Frankfurter Zeitung vom 17. Oktober 1918

Der Bundesrat hat sich auch jetzt nicht entschlossen, durch Aufhebung des letzten Satzes des Artikels 9 der Reichsverfassung die Möglichkeit zu schaffen, daß der Reichskanzler dem Reichstag und daß die zu Staatssekretären ernannten Führer der großen Parteien dem Bundesrat angehören. Vermeintlich »föderalistische« Bedenken scheinen dabei mitzuspielen. Es muß auf das tiefste bedauert werden, daß das Irrtümliche dieser ganzen Vorstellungsweise wiederum nicht erkannt wurde. Die seinerzeit vorausgesagten Folgen des Verhaltens der Bundesstaaten zeigen sich sofort und werden weiterhin ihre Kreise ziehen. Da nämlich die parlamentarischen Staatssekretäre nicht im Bundesrat sitzen, haben sie sich außerhalb des Bundesrats mit dem Reichskanzler zu einem nicht rechtlich, wohl aber tatsächlich kollegial verhandelnden »Kabinett« zusammengeschlossen, dessen politisches Schwergewicht zunehmend bei ihnen, weit mehr als bei dem nicht dem Reichstag angehörigen Reichskanzler, liegen wird und auch liegen muß. Der Bundesrat wird dadurch äußerlich zu einer Art von »Staatenhaus«, der Sache nach aber zu einer Abstimmungsmaschinerie, während die wirkliche Reichsregierung sich oberhalb seiner konstituiert hat. Sie kann nunmehr gar nicht anders prompt funktionieren, als indem sie ihn ausschaltet, und würde der Bundesrat diesem Zustand Schwierigkeiten bereiten, so würde Preußen, das den Reichskanzler stellt, kraft der sicheren Mehrheit, welche ihm die von ihm völlig abhängigen Zwergstaaten geben, ihn zum Schweigen bringen müssen. Unser Verlangen, durch eine maßvolle Parlamentarisierung des Bundesrats, diesen zum Mitträger der aktiven Reichspolitik zu machen, war demgegenüber von dem Wunsch bestimmt, den großen Bundesstaaten einen gesicherten positiven Einfluß auf die Leitung des Reichs zu geben. Liebgewordene Gewöhnungen und mißverstandene Prestigesucht der einzelstaatlichen Bürokratie und wohl auch höfischer Kreise haben vorläufig einmal wieder über das wirkliche politische Interesse die Oberhand behalten. Bleibt es dabei, so gilt es nun, entschlossen die Folgerungen zu ziehen und die improvisierten Neuschöpfungen in geregelte Bahnen zu leiten.

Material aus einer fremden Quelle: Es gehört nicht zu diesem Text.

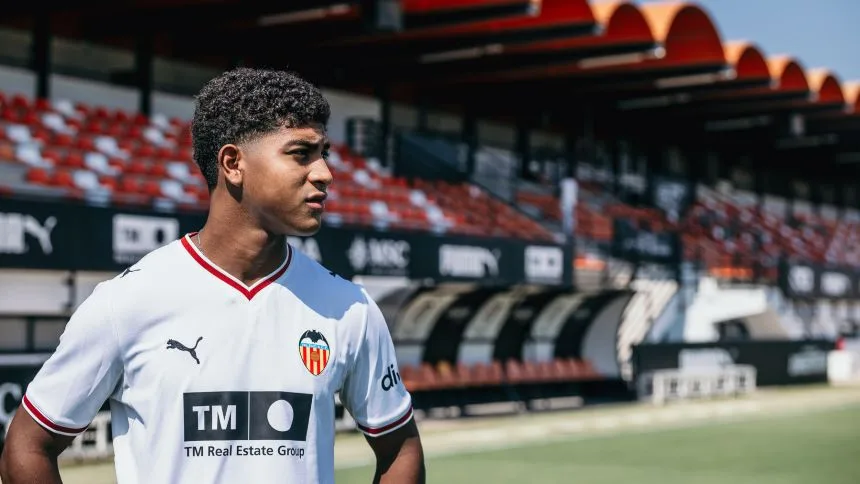 El Valencia consiguió cesión de joven promesa del fútbol venezolano de apenas 18 años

Eine starke, geschlossene Regierung ist jetzt dem Reiche unentbehrlicher als Irgend etwas anderes. Noch während der ganzen Zeit des Krieges aber und für jedermann sichtbar seit Anfang 1916 hat es in Deutschland mehrere Regierungen nebeneinander gegeben, und niemand, weder das Inland, noch das feindliche, noch das neutrale, noch – und das war besonders gefährlich! – das verbündete Ausland wußte, welche von ihnen für die Führung der Politik den Ausschlag gab. In aller Öffentlichkeit spielten sich in der Presse die Kämpfe dieser Regierungen miteinander ab und, was ebenso schlimm war, vor den Augen unserer Bundesgenossen bot sich z.+B. noch in Brest-Litowsk das Schauspiel, daß die deutschen Unterhändler bei jeder Einzelheit am Telegraphendraht nicht etwa zum verantwortlichen Staatsmann, sondern zum »Hauptquartier« hingen und dann von dort aus, im Drang der Geschäfte, Weisungen empfingen, welche oft genug der Sachlage nicht entsprachen und gelegentlich geradezu eine Bloßstellung bedeuteten. Alle unsere offiziellen amtlichen Schritte und Erklärungen aber, vom Friedeinsangebot von 1916 angefangen, wurden konterkariert, bei Freund und Feind diskreditiert und in das Licht der Zweideutigkeit gerückt durch die stets erneute Veröffentlichung von Reden oder Telegrammen dynastischer oder militärischer Stellen, weiche dem verantwortlichen Leiter der Politik nicht zur Billigung vorgelegen hatten. Ein so geleitetes Reich konnte – und das hat seine Konsequenzen gehabt – auch bei seinen Verbündeten nicht das Vertrauen in Anspruch nehmen: daß seine Politik zum Erfolg und zum Frieden zu führen imstande sei. Gleichviel also, welches politische System bei uns künftig herrschen wird, – hier an diesem Punkt lag und liegt der Krebsschaden der deutschen politischen Willensbildung, und alles andere bleibt Stückwerk, solange diesem Zustand nicht, und zwar für immer, ein Ende gemacht wird.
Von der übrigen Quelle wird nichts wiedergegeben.